Monday, February 24, 2020


Good With His Hands
Feb 24 2020


To know like the back of your hand
might have worked for my grandfather
who was good with his hands
and could fix almost anything,
gazing down, day after day
as they performed their labour
until he had them learned by heart.
Not quite muscle memory, but close,
the way each octopus arm
contains its own small brain
working unaware.

I remember his,
big hands
like an awkward farm-boy's.
Tough skin, worn to a shine
where big bulbous knuckles stuck up.
The mottled complexion
and strong tendons
and badly healed scars.
The bent and broken fingers
that recorded a lifetime of work.

And I am surprised to see how similar
my own hands are
at the age he was
when I knew him best.

Still, if called to task
I would never recognize the back of my hand.
Not in this digital world
where all I do is type, eyes on screen.
Where things are discarded, not fixed,
and we see the analog and manual
as impractical, somehow.

Or perhaps the hands of old men
all start to look the same.
And we look away, of course,
not wanting to be reminded of time
or the frailty of age.

His strong hands, where mine are weak.
His ability
and my dependency
on others to master and make.



I find myself occasionally using this expression, and each time comment to myself how absurd it is. Because I most definitely do not know the back of my hand. It may often be in front of my face, but it's one of those many things we see but don't observe.
It also strikes me that this may be as much a casualty of our era as a personal quirk. That we do not work with our hands. That manual labour is disrespected. That we are largely helpless and incapable.

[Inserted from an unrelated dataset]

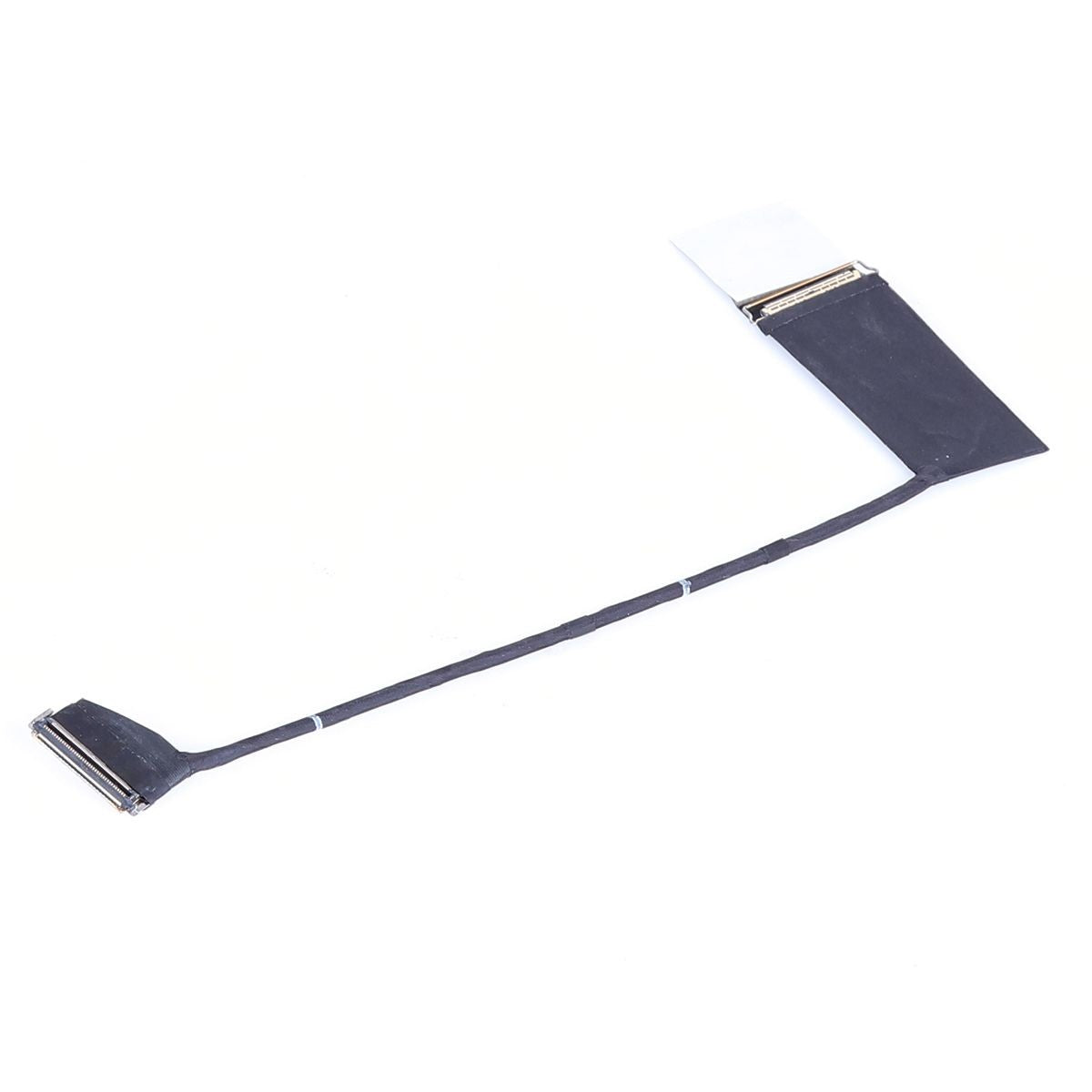 Cable Flex Para Portátil Lenovo Thinkpad T14S Gen 3 Dc02C00Sy00 30 Pines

And when I ruminate on the appearance of my hands, I notice things that remind me of my maternal grandfather. He emigrated from Russian. He was handy. He made his living with his hands. And they reflected this lifetime of experience. I imagine he knew the back of his hand very well indeed!

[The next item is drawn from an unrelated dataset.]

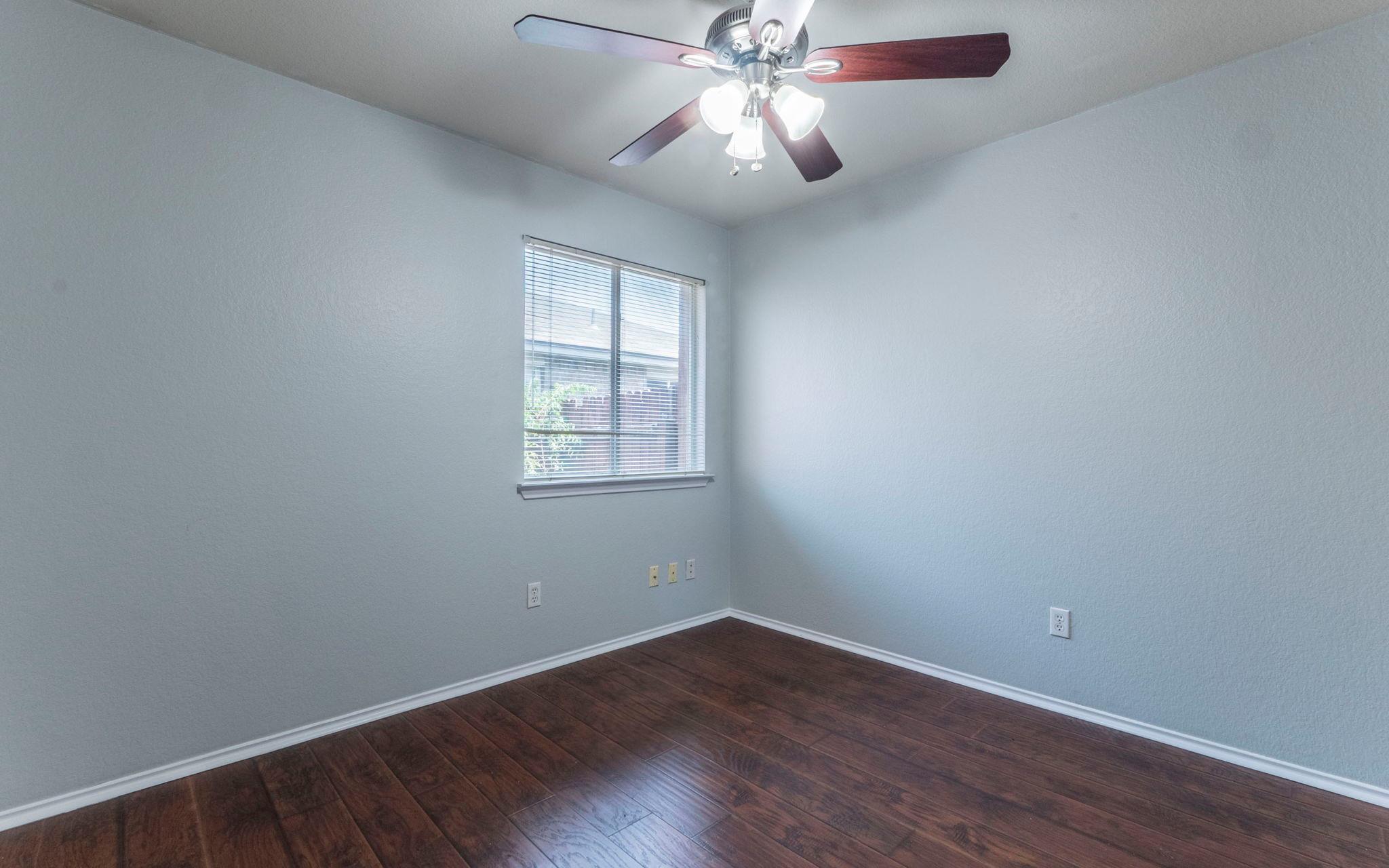 3224 Arroyo Bluff Ln, Round Rock, TX 78681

Perhaps we should retire this expression. Or perhaps it will live on, like many expressions that contain their historical origins but are no longer literally true: like “dialing” a phone number on a smart phone; or like reading the news”paper” that's no longer in print but on a screen; or like “pumping” gas when no one currently alive has ever actually pumped petrol as one would water from a well. Squeezing a lever at self-serve is strenuous enough!